These are changes to the genuine FreeBSD 10.3 source files (in releng10.3/original/) to get that touchpad working.  The changed files are under releng10.3/patched/, and the _diff_ (which can be feeded to patch(1)) is in the file original.diff.  Iff your device is not supported on 12.x, you can try to manually patch that diff into the sources of 12.x by carefully finding the lines that correspond and edit accordingly.  I guess automatic patching will very likely not succeed, given that too many lines have changed since 10.3, and thus patch(1) will fail.


----------



## phalange (Jan 20, 2021)

Israel said:


> No, I was referring to other laptops in the past. Is this the driver you are referring to?
> 
> 
> 
> ...


I wasn't aware of that one. I was thinking of this








						GitHub - wulf7/iichid: Generic HID layer for FreeBSD. Including I2C and USB backends.
					

Generic HID layer for FreeBSD. Including I2C and USB backends. - GitHub - wulf7/iichid: Generic HID layer for FreeBSD. Including I2C and USB backends.




					github.com
				




I can't vouch for it since I didn't install it though.


----------



## phalange (Jan 20, 2021)

mjollnir said:


> Whenever I write RTFM (_read the fine manual page_) I refer to this as: _"You can find related information in ..."._  I don't know why so many people think it has a negative conotation.

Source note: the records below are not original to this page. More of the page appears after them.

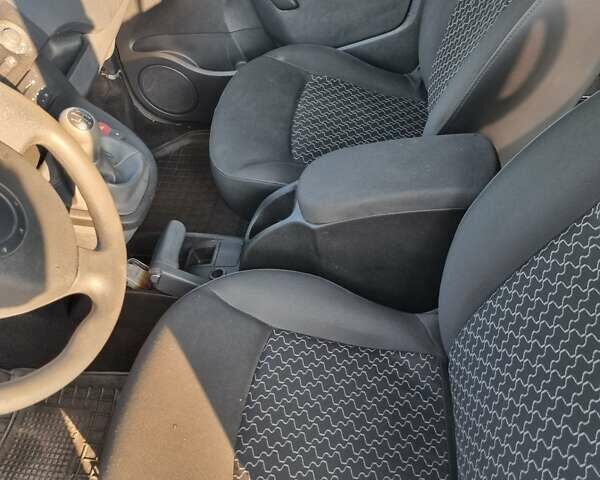 Рено Кенгу 2011 в Луцке на Automoto.ua Серый Рено Кенгу, объемом двигателя 1.46 л и пробегом 190 тыс. км за 7500 $, фото 21 на Automoto.ua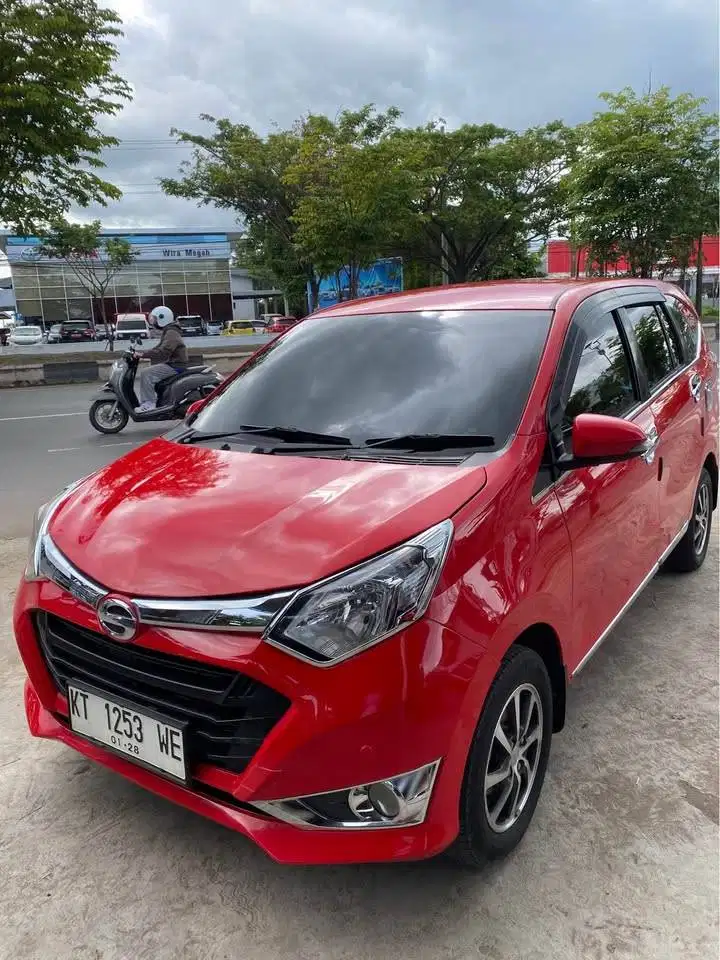Daihatsu Sigra 1.2 R Deluxe 2018 Manual - Mobil Pribadi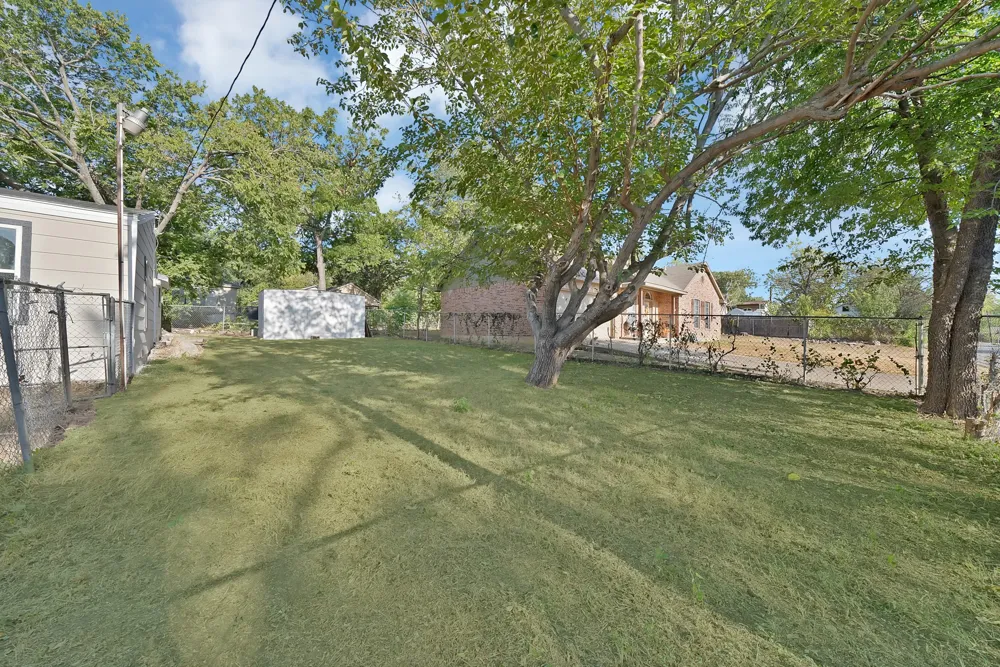 5500 Dartmouth Avenue River Oaks, TX 76114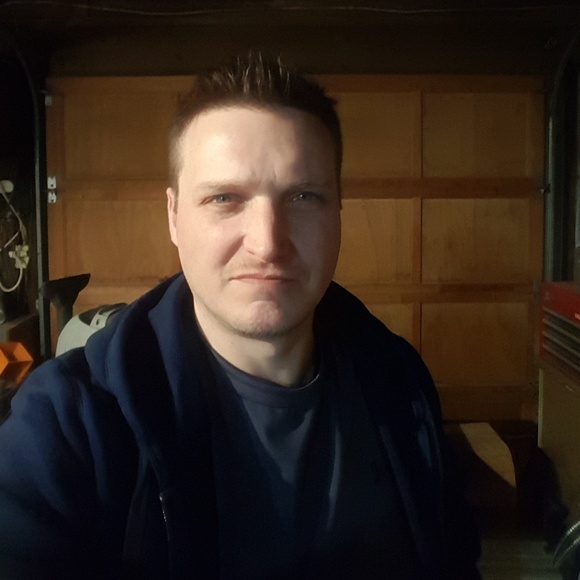 Meet your Posher, Rob - Picture 1 of 1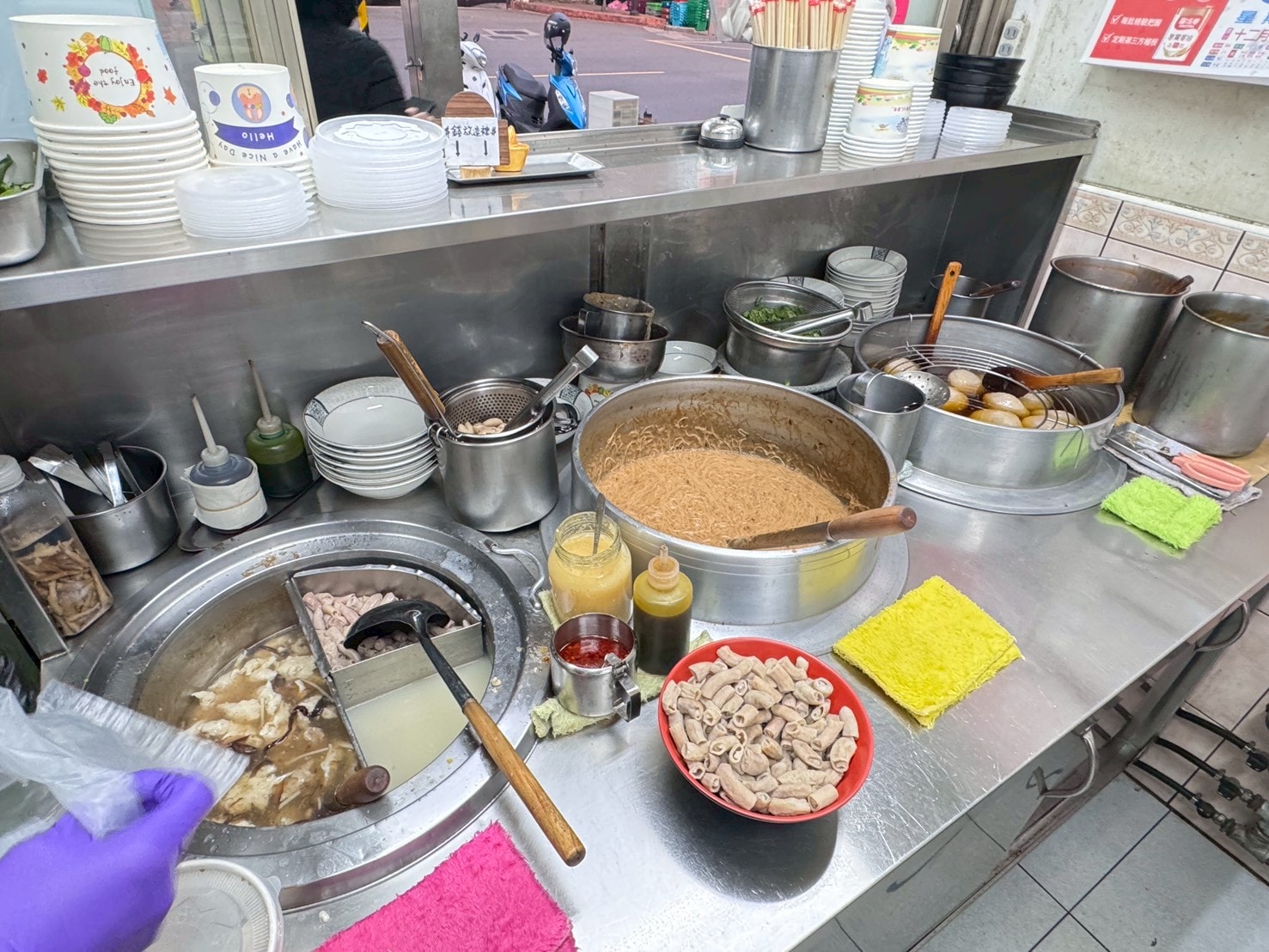 ｜食記-台北市中山區｜大直肉圓｜大直捷運附近肉圓老店，皮Q餡料飽滿醬美味，還有羹湯及麵線可以選擇喔~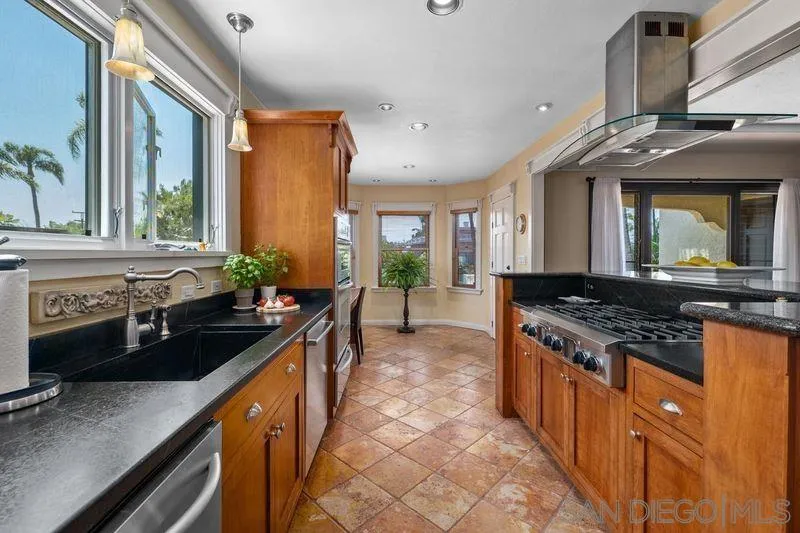 https://cdn.realtyfeed.com/cdn/127/250038149/4661efc54b66a60dc4c2a381df35f2bb.webp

I have seen this rendered as Read The Friendly Manual and Read The Fine Manual, but 9 times in 10 people mean Read The F******* Manual (expletive withheld). I know you didn't mean it that way; after all, you've helped me on these forums.

Just saying, I think people take it to mean "don't waste my time if you haven't done your homework" rather than "here's a suggested source for more information."


----------



## free-and-bsd (Jan 20, 2021)

Israel said:


> Recently I got a Asus Tuf Gaming A17 laptop. After a while I was able to resolve my wifi problems, but I'm still not able to use the touchpad. Usually I just install xf86-input-synaptics and that fixes it. ...


Lucky you. I always have to add xf86-input-libinput. For some reason or other, it DOES NOT install this automatically. I can't say it is not my fault (maybe supposed to use some mega-package or whatever they call it), but recently installed on an old Lenovo T61, so I had to _manually_ add this one in addition to synaptics.

EDIT: I remember this was the case when X was migrating to this libinput thing. But I don't do installations every day... so perhaps this bug wasn't resolved?...


----------



## Israel (Jan 20, 2021)

I installed the driver phalange mentioned. Followed the steps and rebooted and the trackpad finally worked! Thank you all for the help and suggestions!
​


----------



## Mjölnir (Jan 21, 2021)

Great!  Then feel free to mark this thread as _solved_, to give others who search the forum an indication that this thread contains a solution:  On the 1st post, click "..." -> edit thread -> prefix: _solved_


----------



## Mjölnir (Jan 25, 2021)

Did you also try x11-drivers/xf86-input-libinput? `pkg install xf86-input-libinput` and be sure to have `hw.psm.elantech_support="1"` in loader.conf(5)


----------